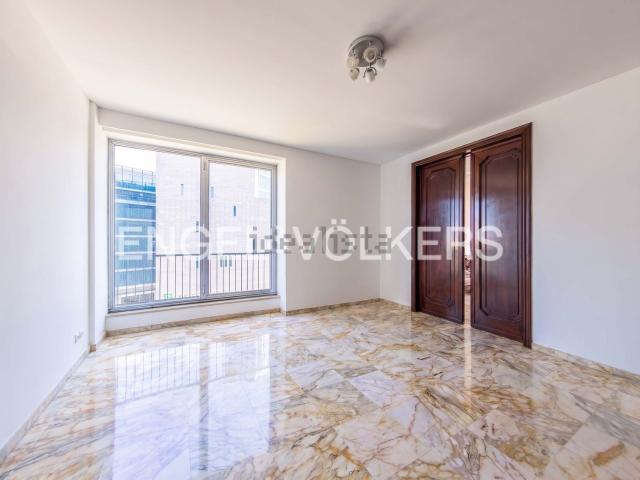 Appartamento in affitto di 194 m² in Viale Francesco Restelli, 3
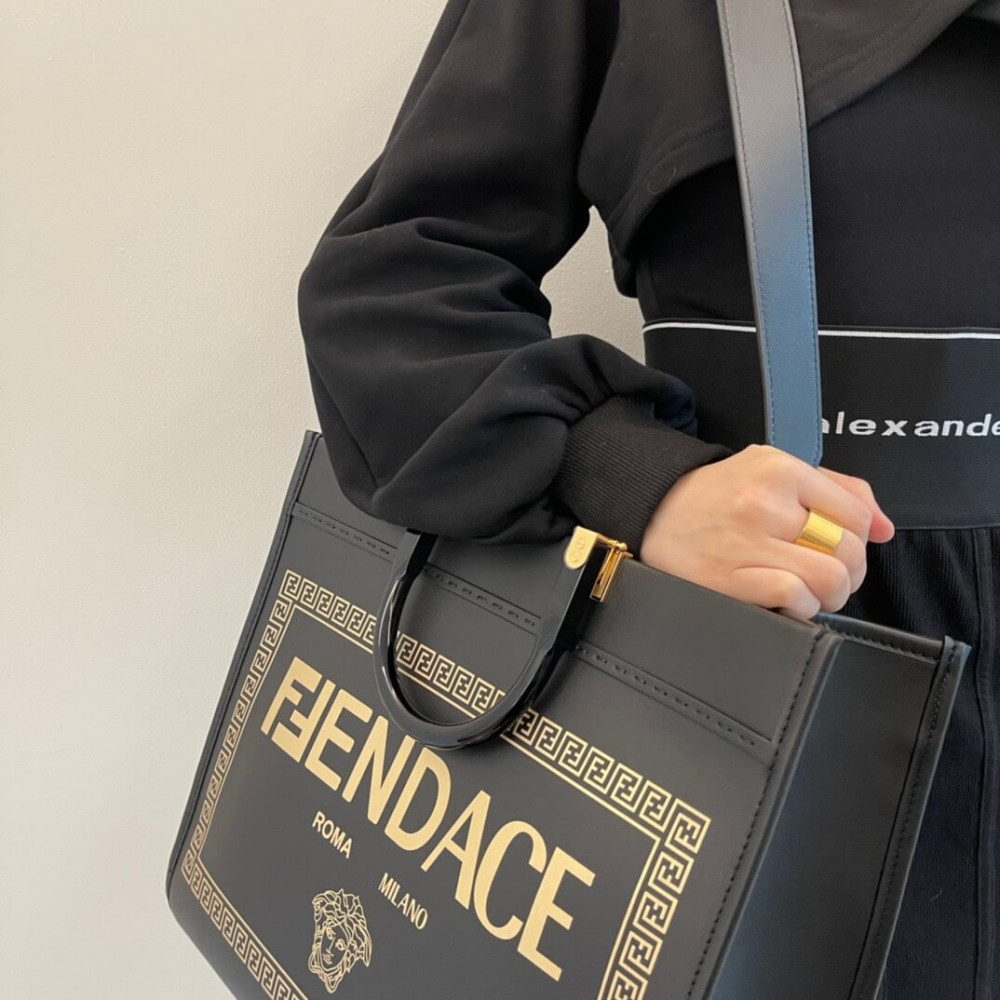 Fendace Logo Sunshine Tote Bag 1006687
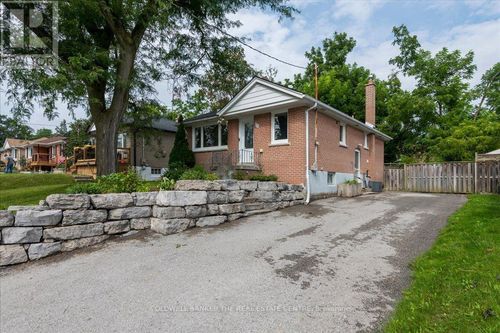 18 Agnes St, Barrie, ON, L4M2S2 | Card Image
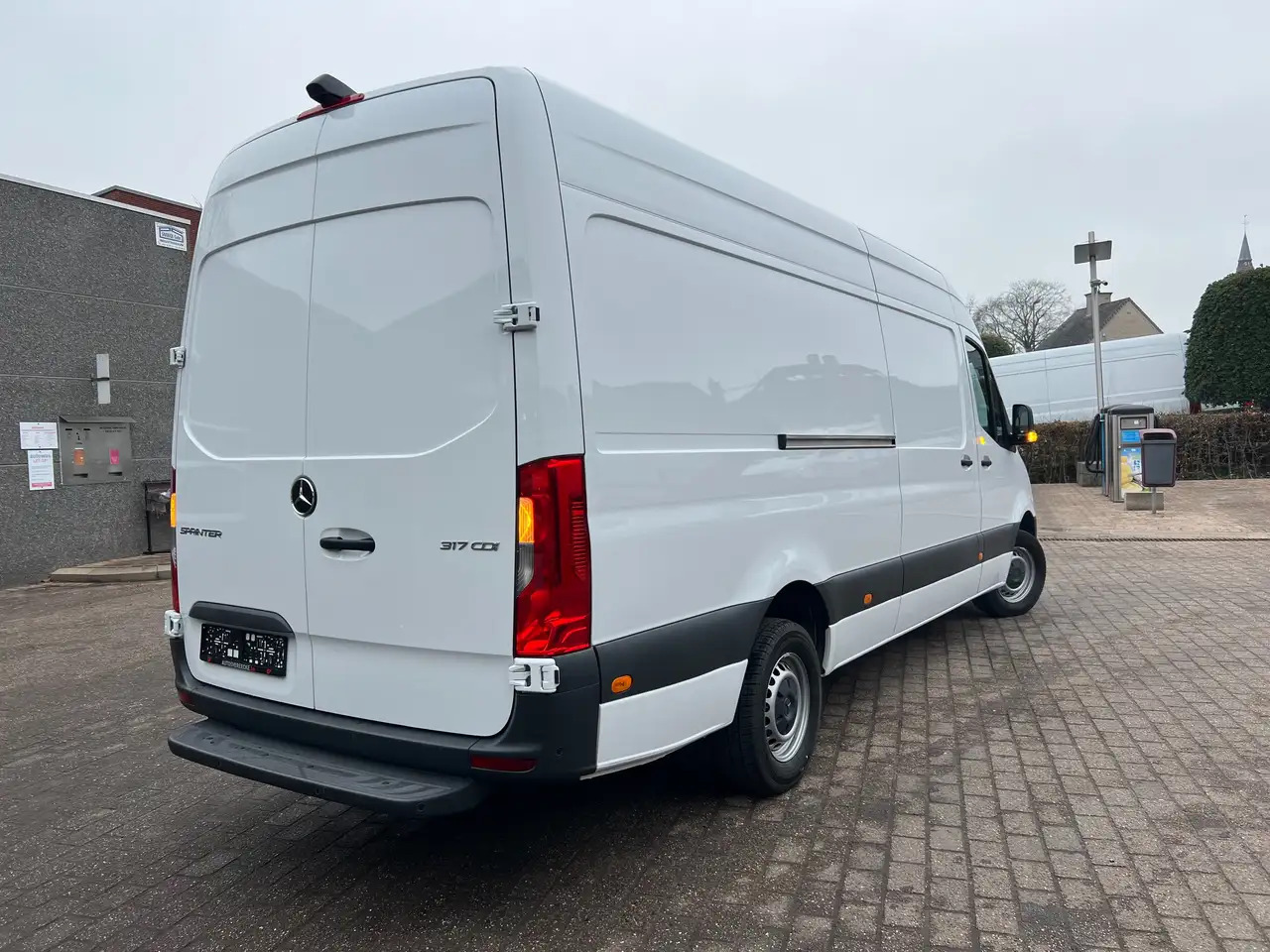 Mercedes-Benz Sprinter 317 L3H2 (37.250ex) 9G-TRONIC CAMERA PTS MBUX - Kastenwagen: das Bild 4 Mercedes-Benz Sprinter 317 L3H2 (37.250ex) 9G-TRONIC CAMERA PTS MBUX - Kastenwagen: das Bild 4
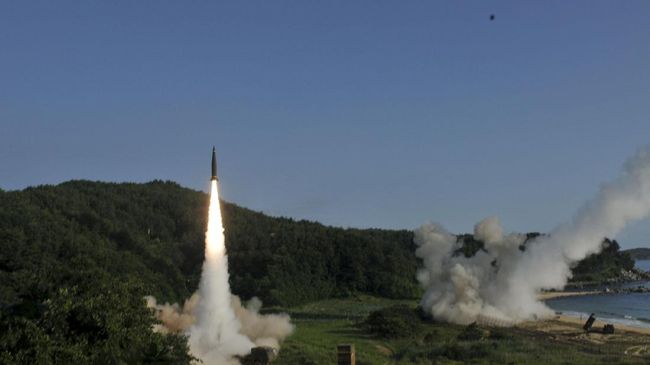 Korea Utara Lepas Rudal Mengarah ke Jepang Jepang meradang, dan menilai peluncuran rudal yang dilepas Korut mengarah ke negara itu tidak bisa diterima, serta melanggar resolusi PBB.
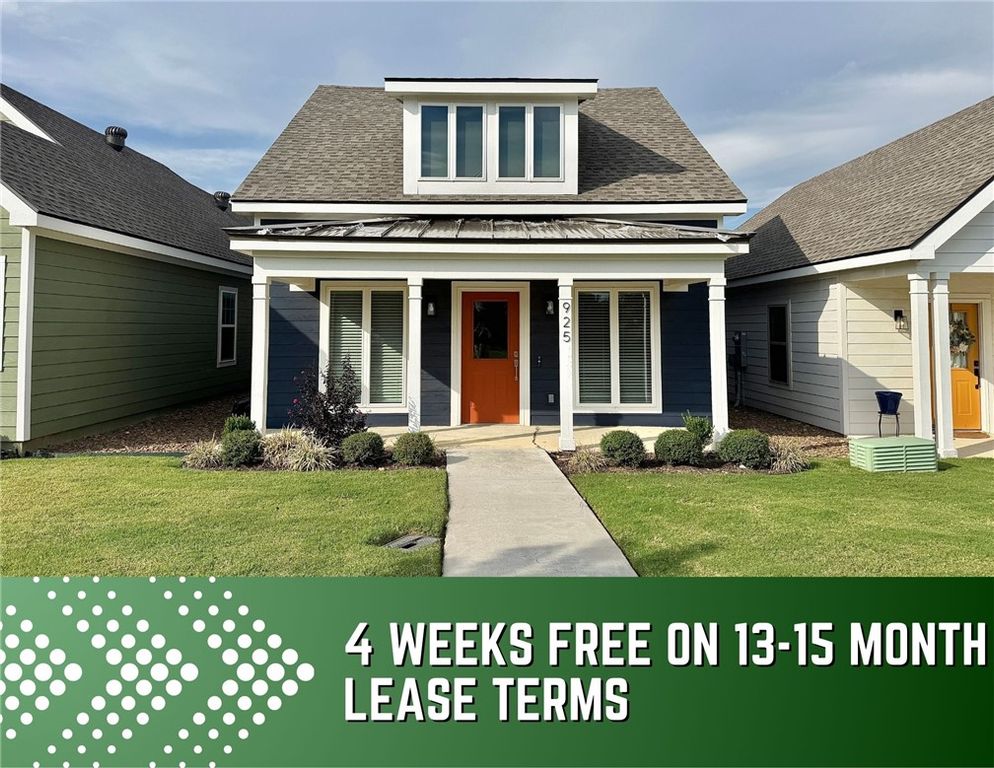 925 NE Heights Lane, Bentonville, AR 72712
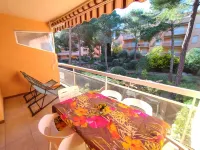 Air-Conditioned Apartment 3 Minutes' Walk from the Beach and Shops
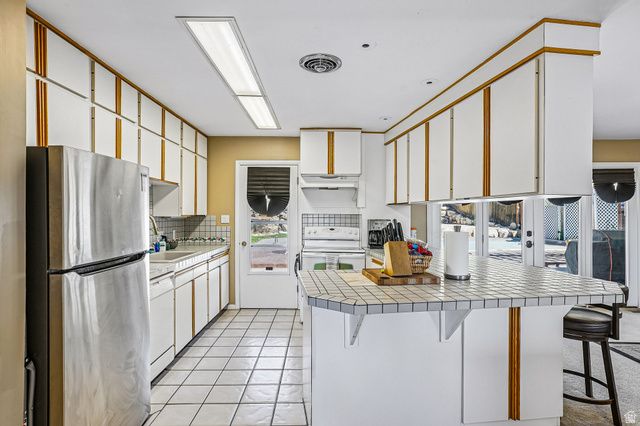 4655 S DEERCREEK RD, Salt Lake City, UT 84124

- WHAT IS EXPECTED
Give back exactly the lines from the line with "Air-Conditioned Apartment 3" through the final line of the entries above, and keep pictures out of the copy.

- RESPONSE AREA
 Air-Conditioned Apartment 3 Minutes' Walk from the Beach and Shops
 4655 S DEERCREEK RD, Salt Lake City, UT 84124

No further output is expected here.